=== Working data ===
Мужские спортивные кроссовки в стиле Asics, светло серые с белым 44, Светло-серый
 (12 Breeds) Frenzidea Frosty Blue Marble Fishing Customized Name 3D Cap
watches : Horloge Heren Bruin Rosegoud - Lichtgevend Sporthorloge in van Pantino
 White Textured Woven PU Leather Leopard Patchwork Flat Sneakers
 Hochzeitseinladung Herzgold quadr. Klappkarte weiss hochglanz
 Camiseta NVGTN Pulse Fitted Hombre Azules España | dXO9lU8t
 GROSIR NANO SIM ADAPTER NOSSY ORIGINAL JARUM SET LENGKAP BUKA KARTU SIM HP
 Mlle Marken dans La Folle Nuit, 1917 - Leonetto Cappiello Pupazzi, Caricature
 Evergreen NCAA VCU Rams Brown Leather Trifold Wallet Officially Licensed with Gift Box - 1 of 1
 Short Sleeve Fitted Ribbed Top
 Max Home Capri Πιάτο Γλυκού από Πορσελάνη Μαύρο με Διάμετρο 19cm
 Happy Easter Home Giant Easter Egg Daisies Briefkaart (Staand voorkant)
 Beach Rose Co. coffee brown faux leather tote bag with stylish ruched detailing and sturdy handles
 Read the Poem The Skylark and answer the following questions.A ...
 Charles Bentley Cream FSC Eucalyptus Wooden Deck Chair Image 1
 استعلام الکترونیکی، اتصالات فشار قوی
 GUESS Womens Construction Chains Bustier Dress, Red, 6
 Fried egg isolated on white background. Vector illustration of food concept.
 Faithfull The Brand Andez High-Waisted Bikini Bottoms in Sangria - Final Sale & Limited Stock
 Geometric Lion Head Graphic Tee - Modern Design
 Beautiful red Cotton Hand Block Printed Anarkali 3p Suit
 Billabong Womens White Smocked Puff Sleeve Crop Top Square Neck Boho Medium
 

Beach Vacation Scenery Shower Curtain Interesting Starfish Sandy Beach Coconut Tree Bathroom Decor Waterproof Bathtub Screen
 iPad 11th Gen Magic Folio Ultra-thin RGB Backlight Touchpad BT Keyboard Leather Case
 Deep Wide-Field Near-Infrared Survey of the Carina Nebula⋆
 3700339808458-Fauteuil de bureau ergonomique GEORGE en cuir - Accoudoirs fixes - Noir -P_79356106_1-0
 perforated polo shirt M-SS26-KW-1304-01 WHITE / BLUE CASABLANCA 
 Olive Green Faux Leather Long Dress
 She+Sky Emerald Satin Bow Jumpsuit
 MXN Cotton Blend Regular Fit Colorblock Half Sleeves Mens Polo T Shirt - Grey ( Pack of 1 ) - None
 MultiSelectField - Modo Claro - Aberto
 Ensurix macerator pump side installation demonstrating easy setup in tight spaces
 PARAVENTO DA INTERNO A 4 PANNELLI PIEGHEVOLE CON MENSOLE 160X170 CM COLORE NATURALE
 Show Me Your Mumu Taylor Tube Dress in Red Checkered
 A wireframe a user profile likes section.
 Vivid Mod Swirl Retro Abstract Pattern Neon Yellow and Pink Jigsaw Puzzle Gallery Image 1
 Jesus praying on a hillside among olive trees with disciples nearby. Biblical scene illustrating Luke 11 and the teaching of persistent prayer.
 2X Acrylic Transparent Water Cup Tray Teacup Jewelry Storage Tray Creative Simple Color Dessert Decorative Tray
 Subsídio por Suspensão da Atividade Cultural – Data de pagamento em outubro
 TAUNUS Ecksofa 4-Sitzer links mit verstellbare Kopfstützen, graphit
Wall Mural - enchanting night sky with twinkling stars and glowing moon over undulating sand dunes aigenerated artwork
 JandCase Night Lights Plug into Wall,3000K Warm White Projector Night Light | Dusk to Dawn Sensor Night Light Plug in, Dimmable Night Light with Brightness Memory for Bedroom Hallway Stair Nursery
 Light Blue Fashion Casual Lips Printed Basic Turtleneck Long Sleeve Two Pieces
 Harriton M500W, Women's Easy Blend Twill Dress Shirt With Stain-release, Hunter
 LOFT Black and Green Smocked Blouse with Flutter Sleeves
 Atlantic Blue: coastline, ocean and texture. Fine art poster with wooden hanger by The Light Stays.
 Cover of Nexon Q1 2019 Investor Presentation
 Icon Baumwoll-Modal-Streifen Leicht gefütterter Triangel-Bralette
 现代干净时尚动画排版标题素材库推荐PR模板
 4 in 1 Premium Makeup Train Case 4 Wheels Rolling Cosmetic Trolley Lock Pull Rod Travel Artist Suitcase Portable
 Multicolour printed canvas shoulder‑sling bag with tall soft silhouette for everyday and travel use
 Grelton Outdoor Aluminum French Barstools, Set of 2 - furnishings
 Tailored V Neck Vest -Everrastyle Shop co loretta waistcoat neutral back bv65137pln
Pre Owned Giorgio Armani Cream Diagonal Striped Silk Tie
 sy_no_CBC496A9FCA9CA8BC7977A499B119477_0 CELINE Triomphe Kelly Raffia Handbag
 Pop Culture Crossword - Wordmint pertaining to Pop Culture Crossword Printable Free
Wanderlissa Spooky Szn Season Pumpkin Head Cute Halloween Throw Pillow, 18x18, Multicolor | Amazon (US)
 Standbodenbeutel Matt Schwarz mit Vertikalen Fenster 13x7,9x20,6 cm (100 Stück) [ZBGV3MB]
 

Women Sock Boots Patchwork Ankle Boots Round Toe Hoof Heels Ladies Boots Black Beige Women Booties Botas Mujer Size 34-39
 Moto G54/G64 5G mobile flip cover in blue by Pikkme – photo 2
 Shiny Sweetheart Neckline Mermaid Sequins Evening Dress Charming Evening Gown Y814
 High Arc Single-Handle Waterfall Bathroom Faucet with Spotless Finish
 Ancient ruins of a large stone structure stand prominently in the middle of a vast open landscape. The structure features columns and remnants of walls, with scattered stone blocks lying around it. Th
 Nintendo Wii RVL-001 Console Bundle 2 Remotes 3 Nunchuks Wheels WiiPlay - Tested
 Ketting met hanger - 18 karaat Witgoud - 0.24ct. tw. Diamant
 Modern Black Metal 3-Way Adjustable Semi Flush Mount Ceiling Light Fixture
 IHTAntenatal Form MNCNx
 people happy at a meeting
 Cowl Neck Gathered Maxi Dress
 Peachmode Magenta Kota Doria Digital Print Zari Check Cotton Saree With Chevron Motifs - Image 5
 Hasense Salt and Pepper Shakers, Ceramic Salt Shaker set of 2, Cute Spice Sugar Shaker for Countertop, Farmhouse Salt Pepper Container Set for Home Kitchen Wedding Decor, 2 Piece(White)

=== About this task ===
Each line in the data where the string "Smocked" occurs should be identified and copied.

=== Written solution ===
 Billabong Womens White Smocked Puff Sleeve Crop Top Square Neck Boho Medium
 LOFT Black and Green Smocked Blouse with Flutter Sleeves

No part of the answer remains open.